There were a lot of things I never understood about beauty. I walked through art museums and the beautiful things were the paintings that looked like photographs. The beautiful people were the ones with picture-perfect smiles and pretty features and ideal proportions.
One day I think I started growing up. I started seeing the beauty in things that were a little bit broken and a little bit askew. I saw beauty in things despite their flaws. And this means that I finally started to find something beautiful in myself that made me so much happier to be who I was and now, who I am. There were still a lot of blanks in my definition of beauty, but I had no way of filling them on my own.
You are beautiful and you taught me a lot about beautiful things.
You made me realize how beautiful love feels--I was used to seeing what beautiful love looked like in films and photographs, but there's something beyond that and I didn't understand it until you held my hand and showed me exactly what it was. It still makes me wonder how I can be so lucky that someone so beautiful is in my life, showing me how beautiful life can be and how beautiful I can be.
I never thought of myself as anything but ordinary. Very, very ordinary. Almost painfully so. But you noticed me despite my mediocrity. You smiled at me and your smile is so beautiful--the flawless kind of beautiful that makes my heart race every time--and you could smile at anyone else and make them feel the same way but for some reason you chose someone as simple and ordinary and flawed as me.
But when I'm with you it doesn't matter anymore. It doesn't matter that I'm the type of person who cries even during Disney movies and it doesn't matter that I haven't got a firm enough grip on reality to keep me there all the time. It doesn't matter that I don't look like a supermodel and that I'm not the smartest cookie in the jar. It doesn't matter that I'm weak-willed when it comes to making other peoples' lives easier or that I constantly bite off more than I can chew. You don't care that I'm pretty much the textbook definition of emotional turbulence and you stand by me even on my worst days, when I'm a disaster all over the place and I don't even want to look at myself. And none of that matters to me, either, because if you love me despite all that, I figure I can love me, too.

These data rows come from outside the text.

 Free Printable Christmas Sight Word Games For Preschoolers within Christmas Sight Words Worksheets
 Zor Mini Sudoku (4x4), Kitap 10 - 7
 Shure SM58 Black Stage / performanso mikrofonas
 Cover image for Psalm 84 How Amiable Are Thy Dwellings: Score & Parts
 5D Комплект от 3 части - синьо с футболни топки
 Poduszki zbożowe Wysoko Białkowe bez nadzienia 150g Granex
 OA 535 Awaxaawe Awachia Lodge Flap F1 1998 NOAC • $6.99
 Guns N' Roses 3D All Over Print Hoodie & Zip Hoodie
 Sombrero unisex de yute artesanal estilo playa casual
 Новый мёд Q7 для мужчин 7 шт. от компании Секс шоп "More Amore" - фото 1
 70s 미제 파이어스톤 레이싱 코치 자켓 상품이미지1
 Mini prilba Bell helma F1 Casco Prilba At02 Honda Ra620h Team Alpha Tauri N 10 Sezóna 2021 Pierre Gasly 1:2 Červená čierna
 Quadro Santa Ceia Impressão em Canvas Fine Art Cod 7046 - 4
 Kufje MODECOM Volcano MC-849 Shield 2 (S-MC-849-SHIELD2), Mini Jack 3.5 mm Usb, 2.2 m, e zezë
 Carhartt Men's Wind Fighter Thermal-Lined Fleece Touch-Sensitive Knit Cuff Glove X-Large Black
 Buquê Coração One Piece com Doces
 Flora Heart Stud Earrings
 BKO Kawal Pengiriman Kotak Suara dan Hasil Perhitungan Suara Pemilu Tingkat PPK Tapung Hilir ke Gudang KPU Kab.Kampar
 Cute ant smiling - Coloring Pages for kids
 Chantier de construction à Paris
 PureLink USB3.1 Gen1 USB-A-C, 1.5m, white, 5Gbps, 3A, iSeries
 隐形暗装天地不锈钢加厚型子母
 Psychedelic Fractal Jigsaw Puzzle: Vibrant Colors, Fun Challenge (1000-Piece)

And I love everything about you and everything you are. I love that you're terrible with goodbyes because I'm terrible with goodbyes, too, and it's easier for me to wipe away your tears and kiss all that sadness away because it means I don't have to think about how sad I am to see you go. I love that you can be incorrigibly stubborn sometimes because it makes up for every time I cave in and do something I really don't want to, especially when it's letting go of you first. I love that you understand exactly what I'm trying to say even though I make no sense, and I love that you are the best listener in the world. I love the way your eyes get squinty when you smile because you have the most beautiful smile ever. I love that you write for me even though you didn't think you could write, and I love that you hold my hand even when we're just walking along. You are totally and completely beautiful and you always will be, to me. <3
I love that my heart aches when you're not with me and I love that I'm happiest when you are.
Because that is my definition of beauty in its entirety.